◆ **ABOUT THIS EXERCISE**: Take the data below and write it out exactly, except for the pictures.

┌──

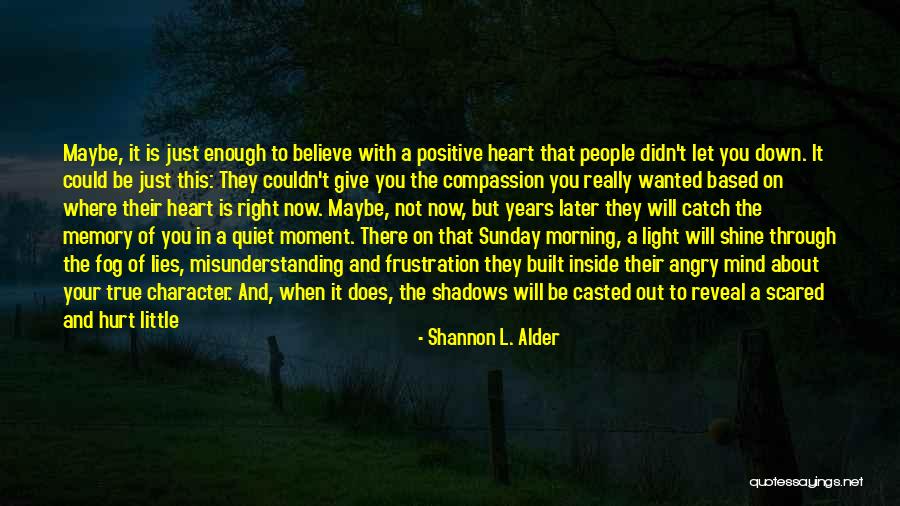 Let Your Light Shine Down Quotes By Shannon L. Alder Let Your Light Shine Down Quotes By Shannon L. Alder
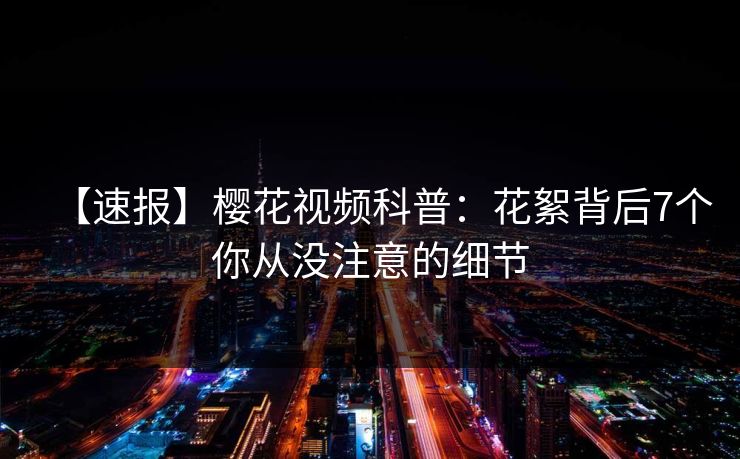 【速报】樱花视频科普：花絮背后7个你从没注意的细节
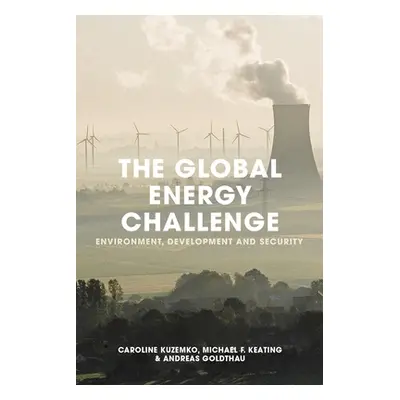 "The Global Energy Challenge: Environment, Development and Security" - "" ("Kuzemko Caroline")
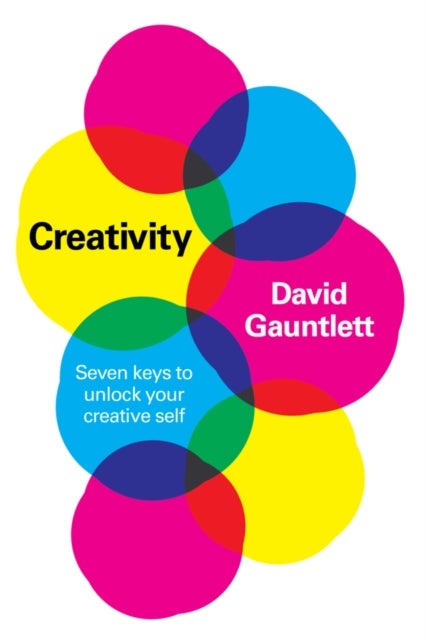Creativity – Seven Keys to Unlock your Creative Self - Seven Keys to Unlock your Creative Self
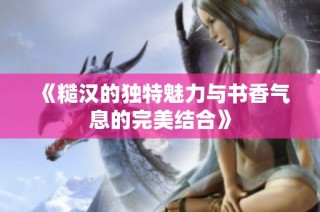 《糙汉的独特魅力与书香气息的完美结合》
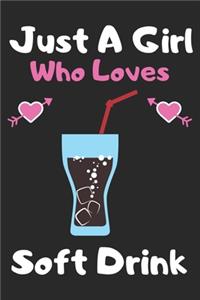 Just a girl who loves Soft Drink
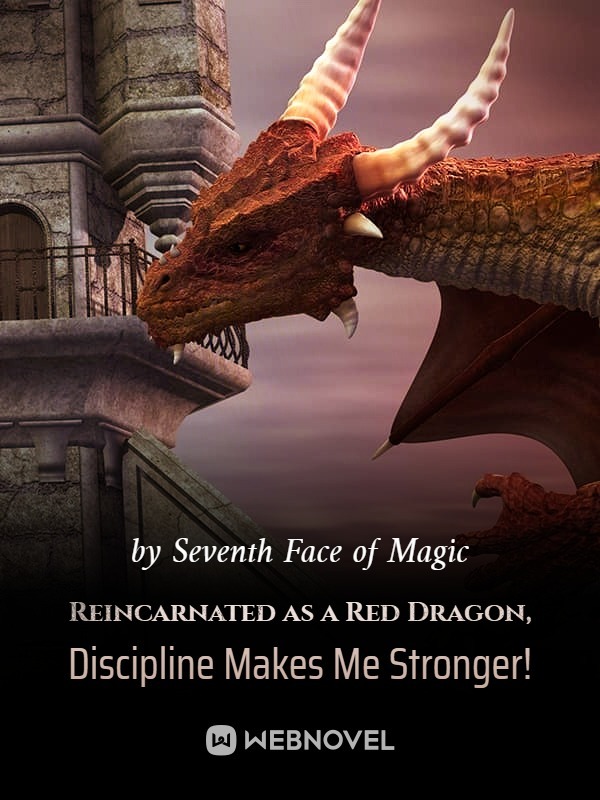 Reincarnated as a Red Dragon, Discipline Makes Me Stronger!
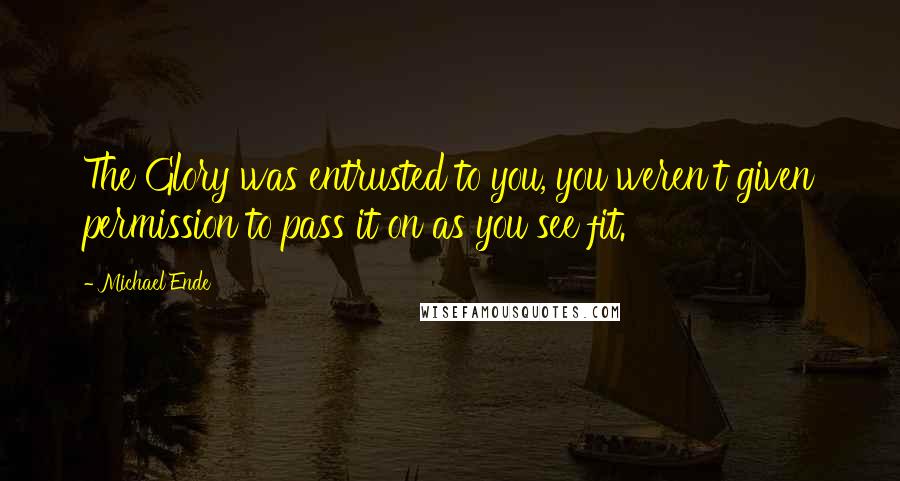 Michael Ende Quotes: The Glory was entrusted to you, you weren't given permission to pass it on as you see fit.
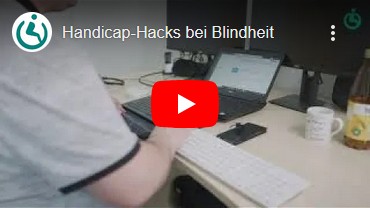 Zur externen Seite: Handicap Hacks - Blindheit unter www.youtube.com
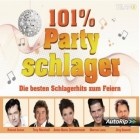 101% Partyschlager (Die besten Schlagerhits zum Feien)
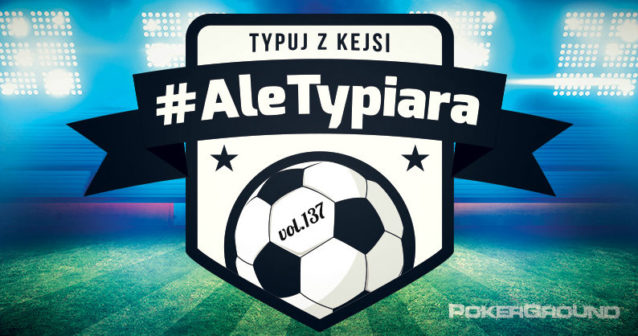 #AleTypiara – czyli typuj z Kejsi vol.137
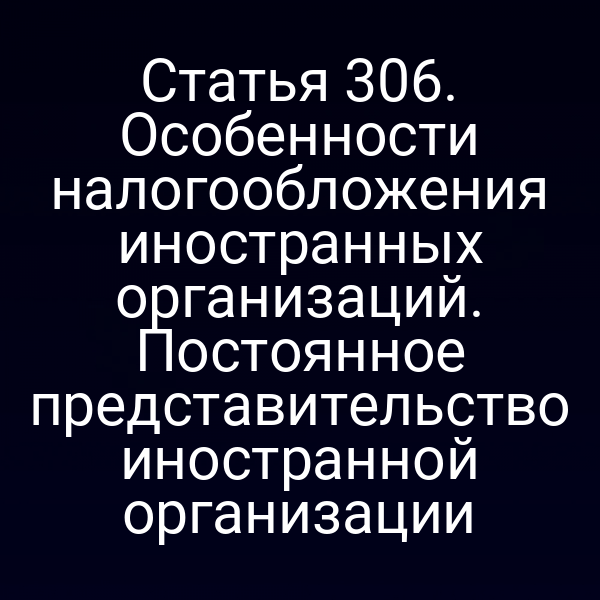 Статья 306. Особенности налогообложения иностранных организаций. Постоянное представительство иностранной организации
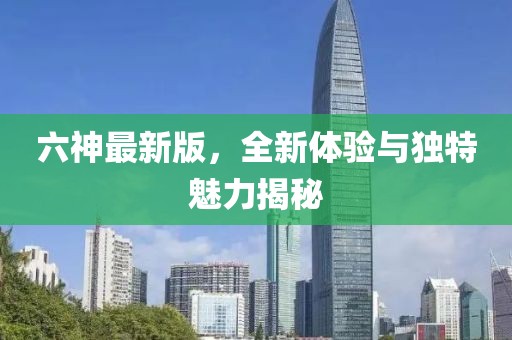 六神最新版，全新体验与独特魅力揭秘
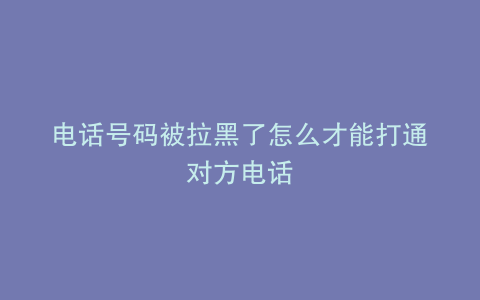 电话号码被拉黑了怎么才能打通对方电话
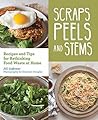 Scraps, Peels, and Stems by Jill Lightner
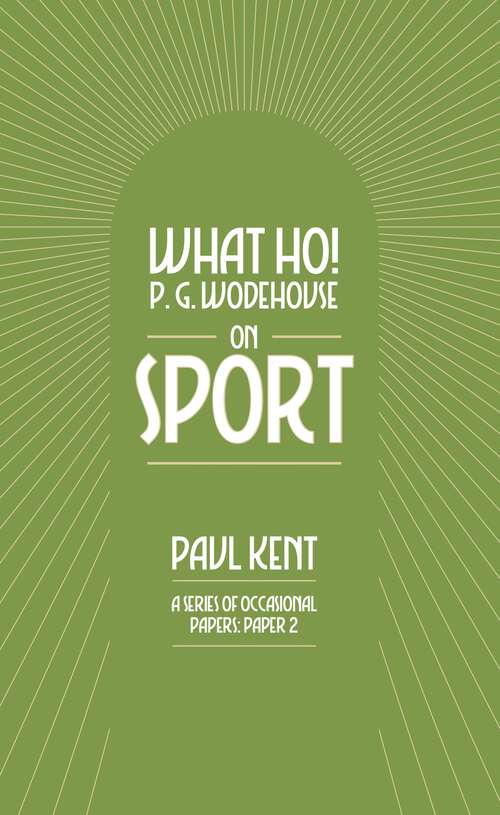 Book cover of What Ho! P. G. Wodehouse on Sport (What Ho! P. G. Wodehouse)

└──

◆ **ANSWER FOR THIS EXERCISE**:
 Let Your Light Shine Down Quotes By Shannon L. Alder Let Your Light Shine Down Quotes By Shannon L. Alder
 【速报】樱花视频科普：花絮背后7个你从没注意的细节
 "The Global Energy Challenge: Environment, Development and Security" - "" ("Kuzemko Caroline")
Creativity – Seven Keys to Unlock your Creative Self - Seven Keys to Unlock your Creative Self
 《糙汉的独特魅力与书香气息的完美结合》
 Just a girl who loves Soft Drink
 Reincarnated as a Red Dragon, Discipline Makes Me Stronger!
 Michael Ende Quotes: The Glory was entrusted to you, you weren't given permission to pass it on as you see fit.
 Zur externen Seite: Handicap Hacks - Blindheit unter www.youtube.com
 101% Partyschlager (Die besten Schlagerhits zum Feien)
 #AleTypiara – czyli typuj z Kejsi vol.137
 Статья 306. Особенности налогообложения иностранных организаций. Постоянное представительство иностранной организации
 六神最新版，全新体验与独特魅力揭秘
 电话号码被拉黑了怎么才能打通对方电话
 Scraps, Peels, and Stems by Jill Lightner
 Book cover of What Ho! P. G. Wodehouse on Sport (What Ho! P. G. Wodehouse)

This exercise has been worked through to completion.